先日、「犬と猫と人間と2」という映画を見てきました。
東日本大震災で被災した動物たちを追ったドキュメンタリー映画です。

路上生活をしていた男性を追った「あしがらさん」や、東日本大震災で被災した障害のある人たちを追った「逃げ遅れる人々」を作った飯田基晴さんがプロデューサーをしており、宍戸大裕さんという若い監督が作った作品です。
HPはこちら

震災時、取り残された動物がかなり過酷な環境に置かれたことは、時折耳にしていたし、気になっていた問題でした。

この作品には、津波で離ればなれになってしまった犬や猫と飼い主、津波を経て再会できた猫、一緒に避難したものの避難所で飼い主と別の場所につながれていたために犬だけ津波に流されてしまったというお話、そして原発事故で人間が避難したために取り残された犬や猫、牛のお話が登場します。


たくさんの人間も犠牲になった震災だから、ペットが行方しれずになった悲しみをほかの人には言えないまま、ひそかにペットを探す人。

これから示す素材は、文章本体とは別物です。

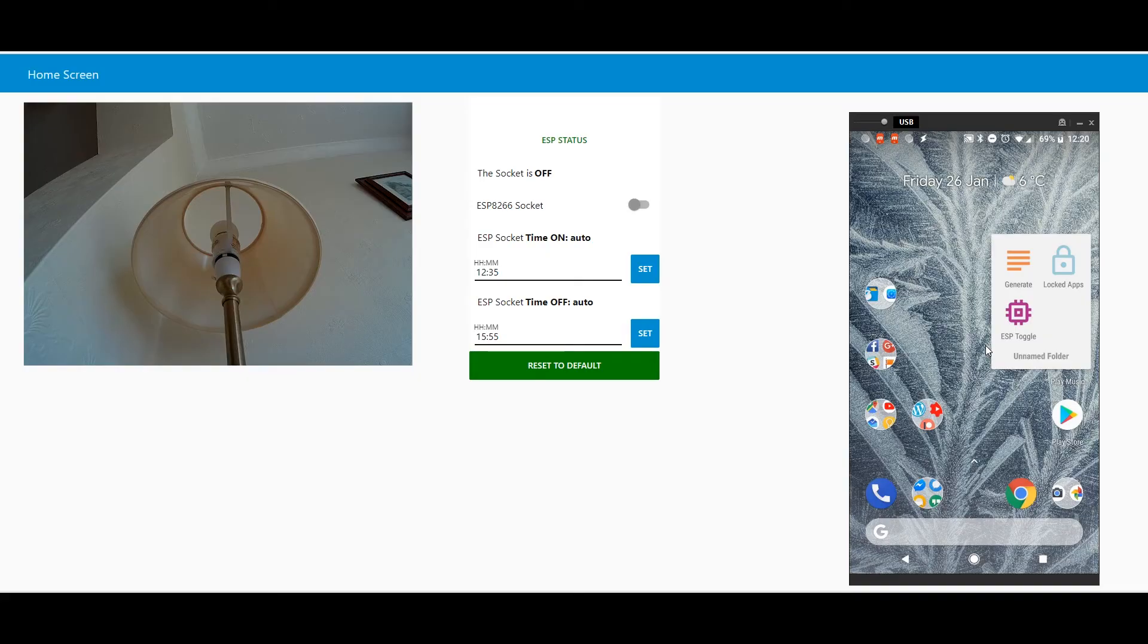Alright, as you can see, I've got web interface on, and I've got my mobile interface on as well. First, let's go quickly over the interface.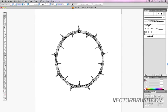Welcome to this video tutorial by VectorBrush.com. On this video tutorial, I'm going to show you how to turn a path into a vector graphic.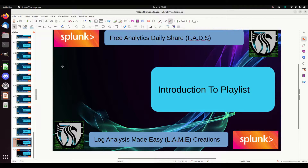Welcome to what I'm going to be calling the FADS, which is Free Analytic Daily Share, brought to you by Lame Creations — Log Analysis Made Easy. Something I want to put out each day — I want to just introduce people on my channel, give them incentive to keep coming back each day. We're going to put out a playlist.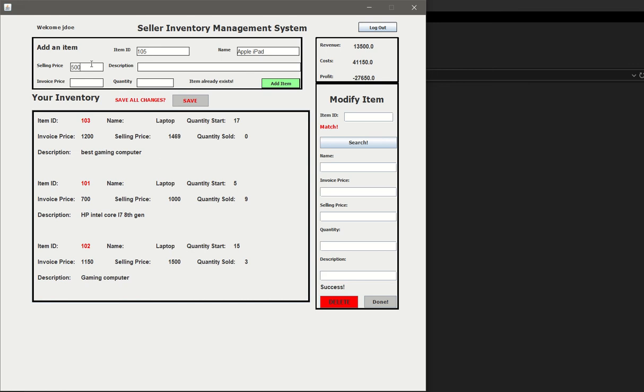So let's go ahead and add a new item. Let's try 105. We have 10 in stock, so we go ahead and add it. You see that it came up right here. Item 105, name Apple iPad, we have 10, we sold 0.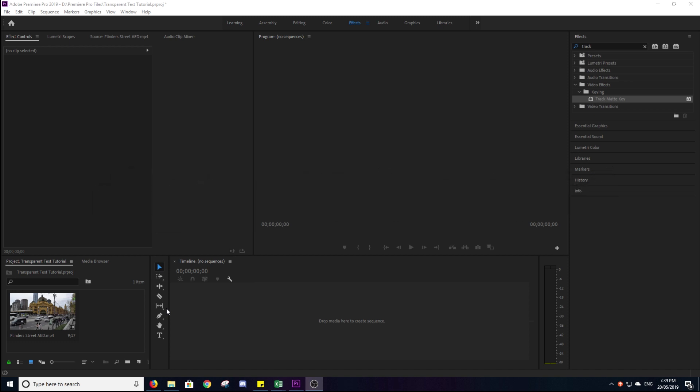I've been using Premiere Pro, this Adobe program, since I was in grade 6, so that's about 5 years ago. So I do have quite a bit of experience with it.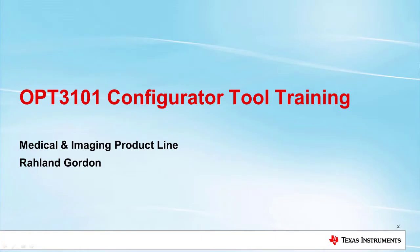Hello, I'm Roland Gordon, and thank you for watching the OPT3101 Configurator Tool training video. In this video, I will highlight exactly why the OPT3101 Configurator Tool is easy to use and very powerful.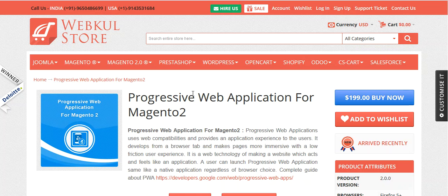Hello friends and welcome to the video tutorial of Progressive Web Application for Magento 2. Progressive Web Application uses web compatibilities and provides an application experience to the user. It develops from a browser tab and makes pages more immersive with a low friction user experience. The Progressive Web Application is lightning fast as compared to the website and supports push notifications as well.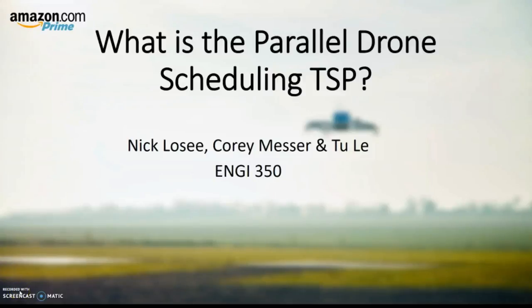Hi everyone, my name is Chiu and my teammates Corey and Nick. We will be discussing our metaheuristic attempt at this variation of traveling salesman problem.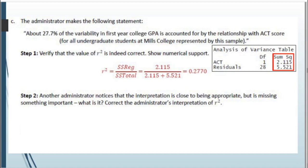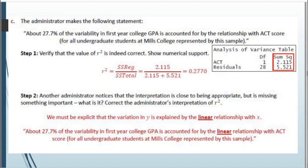Another administrator notices the interpretation is close but missing something important. The correction is that we must be explicit that we're talking about a linear relationship with ACT score. Since this is a linear regression, the word 'linear' must be explicitly stated. The corrected interpretation: 'About 27.7% of the variability in first year college GPA is accounted for by the linear relationship with ACT score.' This shows how finicky these interpretations can be — make sure every part is correct.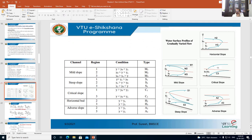This table is very important. For mild slope, you have zone 1, zone 2, and zone 3. If the depth of flow y is greater than yn, which is greater than yc, we call the type of flow profile M1 — that is, mild slope zone 1.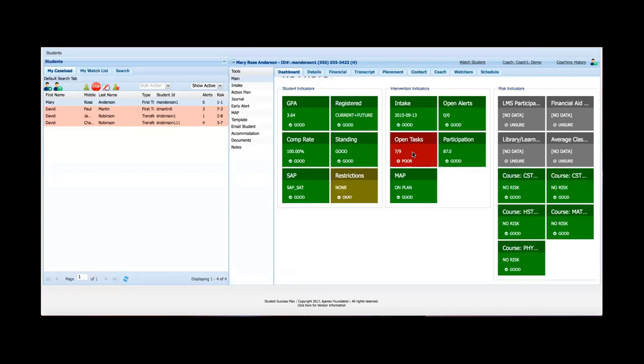I only see one yellow and one red. I'm not concerned about the yellow. I would be concerned about the red. Open tasks refers to action plan tasks. The student has been assigned nine action plan tasks after meeting with an advisor and it appears that seven of them are currently open. So based upon just a quick glance in a matter of a second or two I know exactly where I need to dive in and find out more information or possibly need to discuss with the student.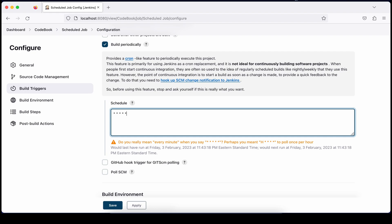Let me add 15 in the minute section. That means it will execute at 15 minutes past every hour. The first field is minute, the second is hour — I've put asterisk for hour, so it will execute at every hour but at the 15-minute mark. For example, it will execute at 12:15, 1:15, 2:15 — past 15 minutes every hour.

飼い主を待つ動物たち。
特に原発事故の影響を受けた地域は、人間の立ち入りが禁じられている場所もあるため、動物たちはお腹をすかせている。餌が欲しくて、たまに入ってくる車に近づいて行って轢かれて死んでしまう動物もいる。
それらを片づける人もいないので、動物の死骸は道や家の軒下に放置されている。
牛はたくさん餓死していき、糞尿や死骸がいっぱいになった小屋の中でなお生きている牛もいる。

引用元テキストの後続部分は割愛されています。